§ **Supplied records**:
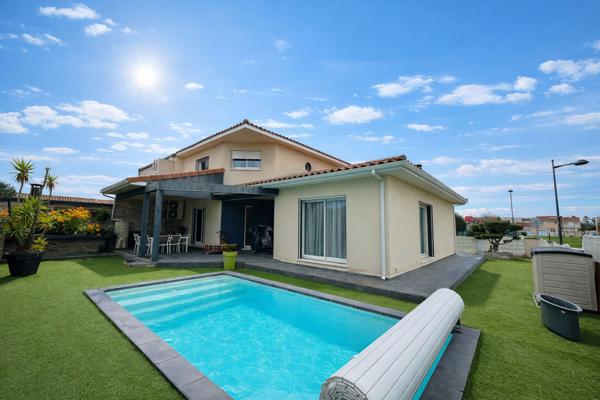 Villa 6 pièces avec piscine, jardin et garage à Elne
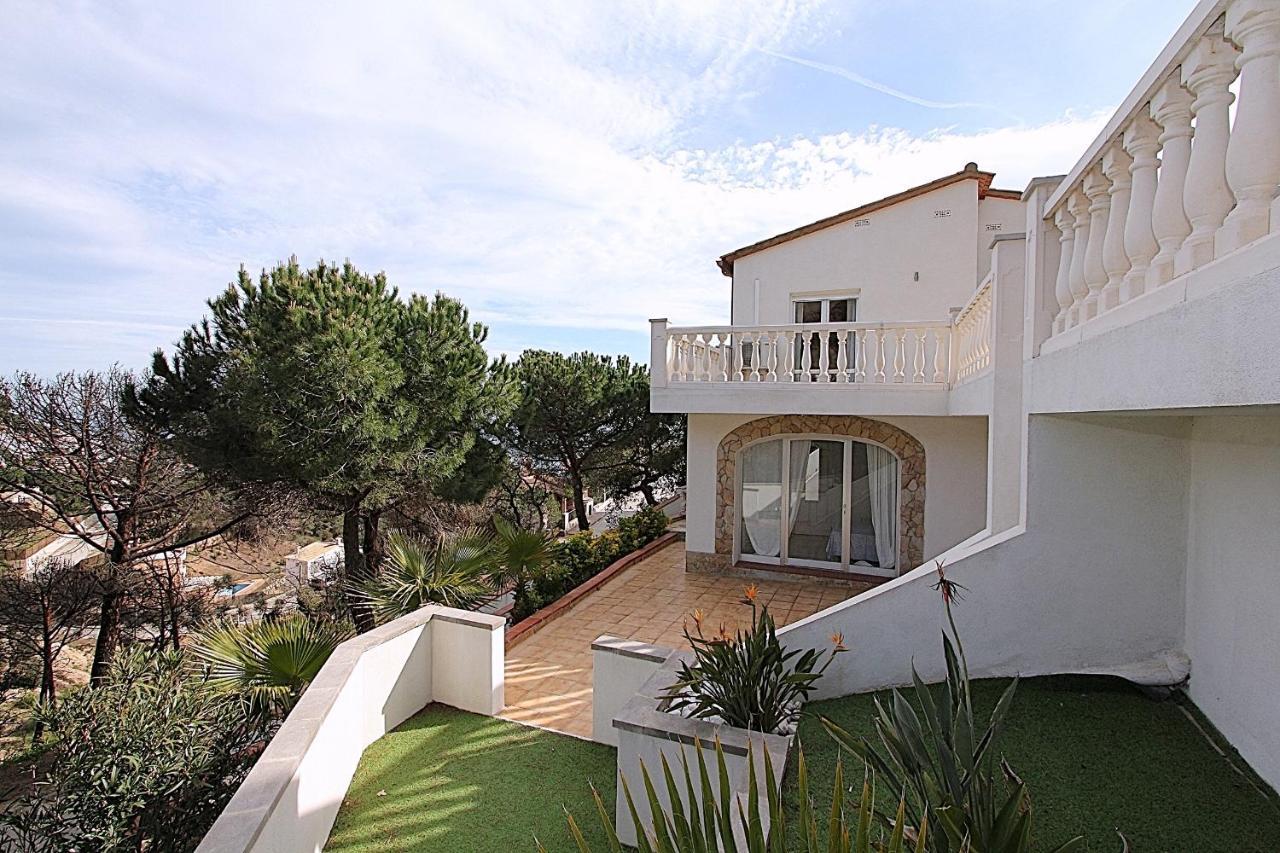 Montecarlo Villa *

* * *

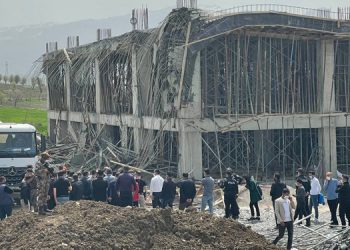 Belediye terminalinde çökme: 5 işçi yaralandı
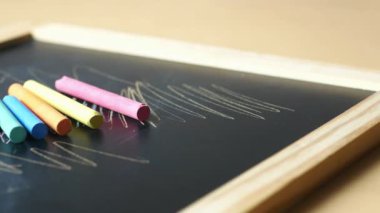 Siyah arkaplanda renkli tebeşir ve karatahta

§ **To do**: Only one stretch of the listing is wanted: the lines starting at the one with "Belediye terminalinde çökme: 5" and ending at the one with "Siyah arkaplanda renkli tebeşir ve karatahta", copied exactly and free of pictures.

§ **Answer space**:
 Belediye terminalinde çökme: 5 işçi yaralandı
 Siyah arkaplanda renkli tebeşir ve karatahta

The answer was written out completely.